Aktuell komme bereits jeder dritte in Europa produzierte Chip aus Sachsen, betonte Scholz beim dem Tag der Industrie. Unternehmen wie Infineon oder Wolfspeed hätten in Deutschland investiert. "Weitere stehen in den Startlöchern", deutete er an. Deutschland könne zu einem der großen Halbleiter- Produktionsstandorte weltweit werden.
Intel auf Expansionskurs
Intel ist weltweit auf Expansionskurs: In den vergangenen Tagen kündigte der Konzern den Bau eines 25 Milliarden Dollar schweren Werks in Israel an. Gleichzeitig soll in Polen für 4,6 Milliarden Dollar eine Test- und Montageanlage entstehen. Auch in den USA wird Intel staatlich subventioniert neue Chipfabriken errichten.
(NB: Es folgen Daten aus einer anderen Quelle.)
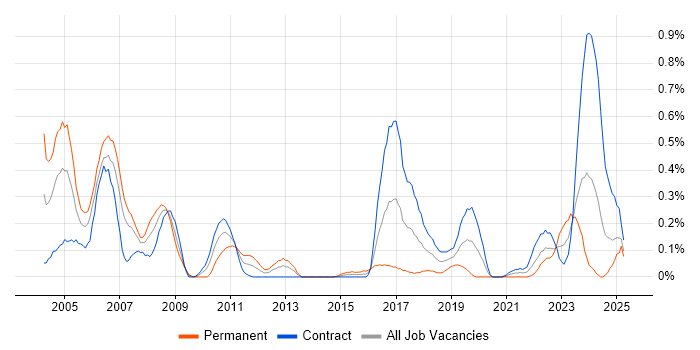 Job vacancy trend for Field Service Engineer in Edinburgh Job vacancy trend for Field Service Engineer in Edinburgh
Subventionen sind zweckgebundene staatliche Beihilfen, die nicht an direkte Gegenleistungen gebunden sind. Sie können an andere Staaten, Wirtschaftszweige, Unternehmen und an private Haushalte geleistet werden. Subventionen können direkt als Finanzhilfe gezahlt werden oder in Form von steuerlichen Vergünstigungen gewährt werden.
Kritik von Wirtschaftsexperten
Bei Ökonomen stößt die staatliche Förderung des US-Konzerns Intel auch angesichts ihres enormen Umfangs auf Kritik. Ifo-Präsident Clemens Fuest bezeichnete die Subventionen für die Ansiedlung in Magdeburg als "fragwürdig".
Konstantin Oldenburger, Marktanalyst bei CMC, sprach von einer Transferleistung der Steuerzahler für die Aktionäre. Zuvor hatte auch Reint E. Gropp, Präsident des Instituts für Wirtschaftsforschung (IWH) in Halle, die milliardenschweren Subventionen für Intel kritisiert. Er warnte davor, globalen Großkonzernen staatliche Milliarden zu geben. Intel habe im vergangenen Jahr noch acht Milliarden Dollar Gewinn gemacht.
Nie wieder Halbleitermangel?
Für die EU und die nationalen europäischen Regierungen ist die Chipherstellung von hoher strategischer Bedeutung, da Mikrochips für zentrale industrielle Wertschöpfungsketten unverzichtbar sind. Ziel der Politik ist es, angesichts der breiten Verwendung in nahezu sämtlichen Wirtschaftsbereichen eine größere Unabhängigkeit von globalen Lieferketten zu erreichen.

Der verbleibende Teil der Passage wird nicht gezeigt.